Is your life better or worse (or both?) thanks to the Internet? How’s your relationship with your smartphone? What degree of intimacy have you reached with your tablet? If you woke up tomorrow in a world with no Facebook, Twitter, Instagram, Pinterest, YouTube, or Google, would you feel despair, elation, indifference, or all of the above? And (you can tell us, it’s okay) when’s the last time you texted while driving?

“I fear that we are beginning to design ourselves to suit digital models of us, and I worry about a leaching of empathy and humanity in that process,” writes virtual reality pioneer Jaron Lanier, who has become a vocal critic of the digital culture he helped create.  During the museum’s program Prophets of the Digital Age: Jaron Lanier, Clive Thompson, and Michael Chabon in Conversation with Kurt Andersen [1], Lanier discusses his change of heart in a provocative dialogue with the ardently pro-digital Clive Thompson, author and Wired magazine columnist, who had his own conversion from Internet skeptic to supporter, and Michael Chabon, Pulitzer Prize–winning novelist, who is both pro-technology and a committed nostalgist. The conversation is facilitated by novelist and radio host Kurt Andersen.
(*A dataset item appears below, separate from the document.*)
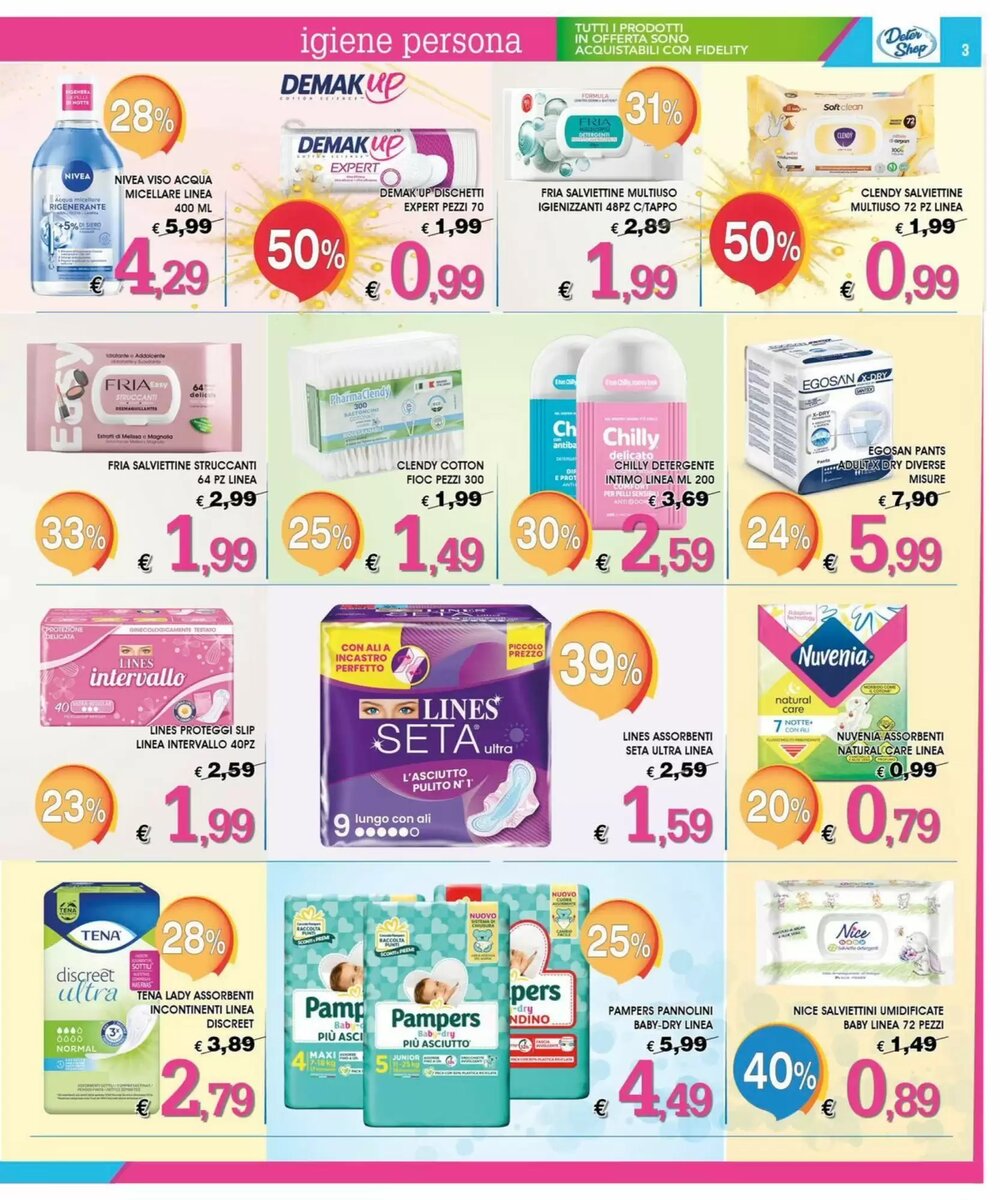 Volantino promozionale Deter Shop  valide dal 02/03/2026 - Pagina 3.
Prophets of the Digital Age is co-presented by The Wolfsonian and Intelligence Squared London and takes place at Pérez Art Museum Miami on Saturday, March 22 at 7pm. The free program (advance registration required [2]) is part of Power of Design 2014: Complaints [3], a multi-day, multidisciplinary ideas festival organized by The Wolfsonian in partnership with WLRN and The Miami Herald Media Company.
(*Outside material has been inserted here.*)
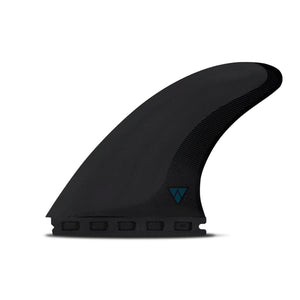 Futures Channel Islands AM2 Alpha Series Tri Fin Set - Large/Teal Blue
This is the inaugural year for Power of Design, which comprises approximately twenty events and related happenings March 20–23. Power of Design includes moderated discussions, talks, performances, exhibitions, and more, along with satellite programming by collaborators. The majority of events are at The Wolfsonian. Among the many highlights are a talk by political humorist Andy Borowitz; a panel on cities with Brazilian architect Jaime Lerner, local star Andrés Duany, and others; panels on air travel and watchdog journalism; a hands-on program for children led by designer Todd Oldham; and a complaints choir featuring FIU students. In addition, The Wolfsonian is awarding a $25,000 grant to a local not-for-profit organization to solve a local problem (see the article on Solve This Miami! in this issue).

Complementing these events, there is a robust online component to Power of Design, including an open forum digital complaints/solutions tool [3] on the festival’s website. The poster exhibition, Complaints! An Inalienable Right [4], curated by Steven Heller, appears as a daily poster on the festival’s blog [5], and will be on view at The Wolfsonian beginning March 20. Additionally, the Power of Design Complaints Line at 305.535.2633 exists for anyone who wants to call in a complaint…so what are you waiting for?
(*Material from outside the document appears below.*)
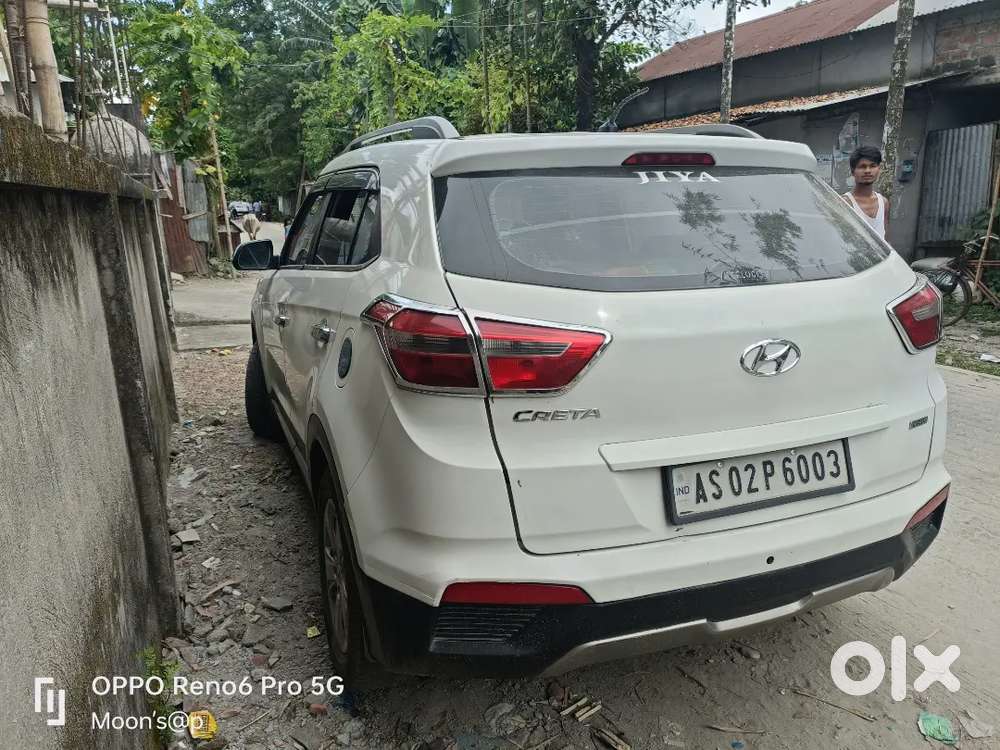Hyundai Creta Diesel Manual 2015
Organizations creating programming in conjunction with Power of Design include the Spanish Cultural Center, which has organized an entire season around the theme of complaints—its MicroTheater Miami initiative presents original short works in English and Spanish February 27–March 30. Along those lines, Miami Beach Cinematheque is screening films related to the notion of complaints during the weekend of Power of Design.

“Power of Design is not intended to celebrate complaining, but instead to look at where complaining can lead us—our approach to the theme has been to turn it around, and create a solutions think tank,” explains Cathy Leff, The Wolfsonian’s director.

Tickets for Power of Design are $1,000 for the full weekend; in addition to the dialogue, selected events are free and open to the public. Advance registration is required to attend Prophets of the Digital Age [1].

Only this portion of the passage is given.